(Caption-style text data)
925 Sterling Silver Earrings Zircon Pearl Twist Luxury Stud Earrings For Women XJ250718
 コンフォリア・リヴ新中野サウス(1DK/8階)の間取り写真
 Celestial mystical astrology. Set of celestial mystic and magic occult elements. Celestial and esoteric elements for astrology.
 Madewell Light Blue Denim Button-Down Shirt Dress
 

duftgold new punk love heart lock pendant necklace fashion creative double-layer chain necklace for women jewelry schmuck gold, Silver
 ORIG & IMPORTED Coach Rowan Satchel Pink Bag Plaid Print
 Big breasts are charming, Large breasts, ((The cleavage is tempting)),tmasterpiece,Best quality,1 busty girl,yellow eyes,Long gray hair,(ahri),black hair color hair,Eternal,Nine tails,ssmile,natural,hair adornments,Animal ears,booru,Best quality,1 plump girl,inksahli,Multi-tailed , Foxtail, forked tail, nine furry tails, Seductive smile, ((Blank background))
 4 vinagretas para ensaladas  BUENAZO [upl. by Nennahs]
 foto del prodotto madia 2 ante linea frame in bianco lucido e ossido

Problem description
Write every line of the entries again, word for word.

Task result
925 Sterling Silver Earrings Zircon Pearl Twist Luxury Stud Earrings For Women XJ250718
 コンフォリア・リヴ新中野サウス(1DK/8階)の間取り写真
 Celestial mystical astrology. Set of celestial mystic and magic occult elements. Celestial and esoteric elements for astrology.
 Madewell Light Blue Denim Button-Down Shirt Dress
 

duftgold new punk love heart lock pendant necklace fashion creative double-layer chain necklace for women jewelry schmuck gold, Silver
 ORIG & IMPORTED Coach Rowan Satchel Pink Bag Plaid Print
 Big breasts are charming, Large breasts, ((The cleavage is tempting)),tmasterpiece,Best quality,1 busty girl,yellow eyes,Long gray hair,(ahri),black hair color hair,Eternal,Nine tails,ssmile,natural,hair adornments,Animal ears,booru,Best quality,1 plump girl,inksahli,Multi-tailed , Foxtail, forked tail, nine furry tails, Seductive smile, ((Blank background))
 4 vinagretas para ensaladas  BUENAZO [upl. by Nennahs]
 foto del prodotto madia 2 ante linea frame in bianco lucido e ossido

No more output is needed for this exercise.